First the Austrian Presidency ripped away from one of Austria's modern Nazis. Then the Dutch elections that sidelined Wilders. Now France's Macron drowns Le Pen's Presidential bid, 66% to 34%.
The end? Or the end of the beginning?
The big majority are certainly breathing easier in France, albeit for quite different reasons than the current EU leaders that face elections, or those traditional party leaders that have been playing brinkmanship, as in Portugal or Spain.
There are already many new projections about the EU's future in the traditional media. The Trump phenomena and Britain's right wing Brexit (that appears now to all mainstream commentators to be inevitable) seem for the time being to have been corralled into an Anglo-Saxon enclave in the West.
The French elections, and there are still vital Parliamentary elections to come, were always going to be the political cockpit of Europe. And Macron's substantial victory will increase confidence in the EU that they can defeat what they have come to call populism - from both the right - and the left. But the victory of the establishment deserves closer inspection.
Starting with Macron himself; Europe has seen this type of messiah before. In Italy, Matteo Renzi became Prime Minster from the new Social Democrat Party (established in 2007, a year before Berlusconi's Forza Italia dissolved - for the first time.) At the age of 39 Renzi announced the end of the 'right' and of the traditional 'left' in Italian politics when his new party swept to power in 2013. He was swept out again by a referendum three years later, apparently on an undemocratic constitutional issue, actually because his anti-working class Jobs Act, which abolished article 13 of the workers statute the year before. Renzi saw himself as a 'middle-way' type of politician (following Clinton and Blair.)

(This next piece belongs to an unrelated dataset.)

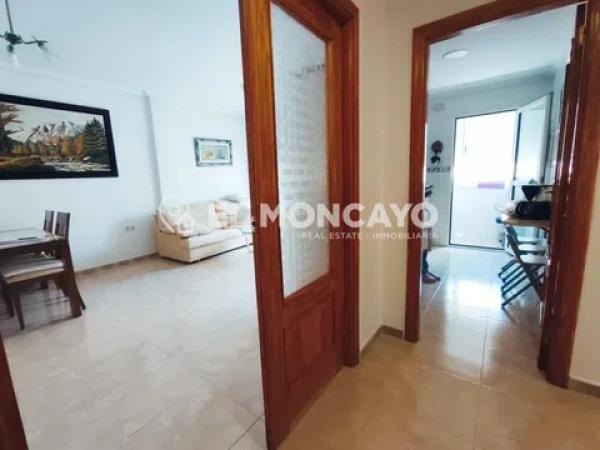 Piso en avenida de la Comunidad Valenciana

Rolling Europe's years back to the 1920s and 1930s, 'National Governments' of various sorts were established, led by the establishment, under the threat of economic collapse and revolution. They were all gatherings of the 'great and good', the experts that would apply themselves to the nation's needs rather than petty squabbles between parties. They were all 'neither left nor right' except in their relentless battle with working class organisation. All immensely popular in their first elections, they all failed and all were broken by Fascist victories or by military destruction.

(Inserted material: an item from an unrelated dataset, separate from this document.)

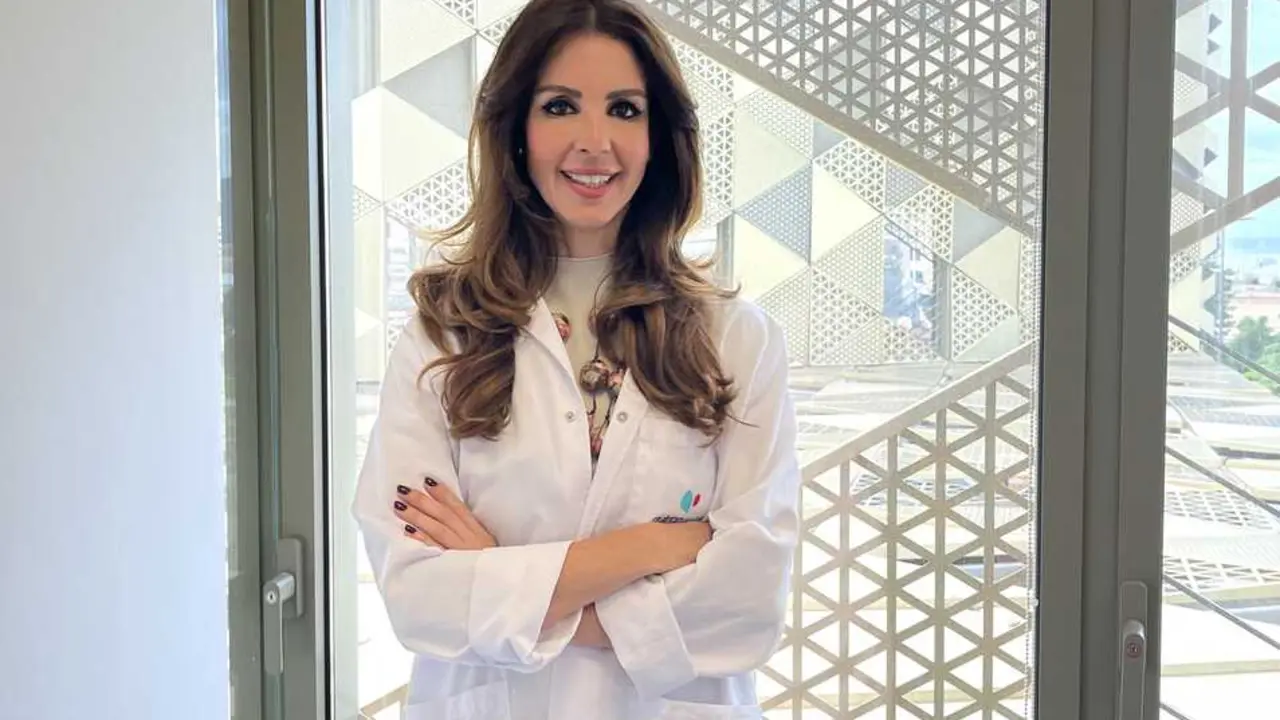 La doctora Victoria Jim&eacute;nez, especialista de la Unidad de Medicina Est&eacute;tica del Hospital Quir&oacute;nsalud C&oacute;rdoba. | Q.C.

In the new millennium and in a new crisis of capitalist economics and politics, 'populism' has re-emerged by becoming its opposite. Macron, an absolutely typical ruling class populist, with all the relevant trappings (his own 'party'; his 'neither left nor rightism', his fear of and antagonism to the strength of organised workers - especially in the public sector) is the saviour - of the establishment - not just in France but across the EU! T'was ever thus.

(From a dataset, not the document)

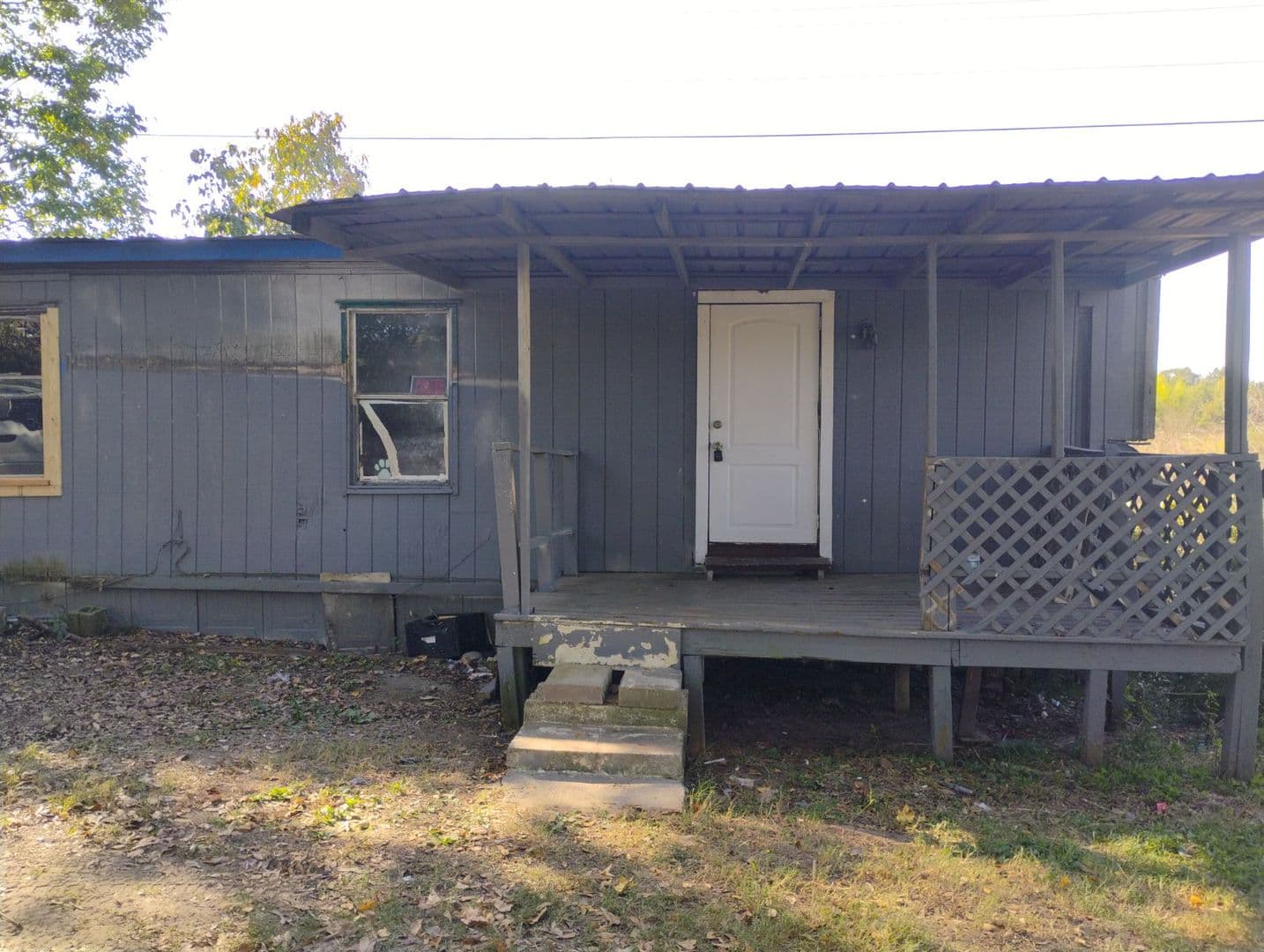 NLR House: 5818 Snoopy Ln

Le Pen's vote also merits more attention.
The highest point for France's electoral experience of Fascism before Le Pen junior was Le Pen senior's bid in the Presidential elections of 2002. He scored 17.8% in the first round vote and 16.9% in the second. (5.5 million votes.) LP junior scored 21.3% in round one and 33.9% in round two. (10.6 million votes.) Note both the rise in % and in numbers of voters - and the 12.6% increase in votes from round one to round 2. Unlike the populist Macron who gathered his second vote from anti-fascists across the political spectrum, LP junior gathered more National Front support in her second round.
In anybody's book this is a potentially frightening and immense social and political base in a major western country that was occupied by the last successful fascists 74 years ago. Should Macron join the long list of establishment populist failures then (with every other traditional party despised) the battle for political leadership in France will be bitter and hard. But at least there will be a battle and not a pre-emptive collapse.
Why will Macron fail? Because modern capitalism is not oriented to raise the working class. Last time it took world war and revolutions in Russia and China for capitalism to discover the merits of the New Deal, Keynes, Welfare States, full employment and Marshal Plans in the West. Today its main purpose in the West is to drive through the new contract with labour that started in the 1980s. One example; the UK government has commissioned a Study on 'a Review of Work' by Mathew Taylor (to be published after the June election.) This is one contribution to that Review which repudiates the idea that the remnants of industrial work are with us but their effect creating social decline will pass as the past fades.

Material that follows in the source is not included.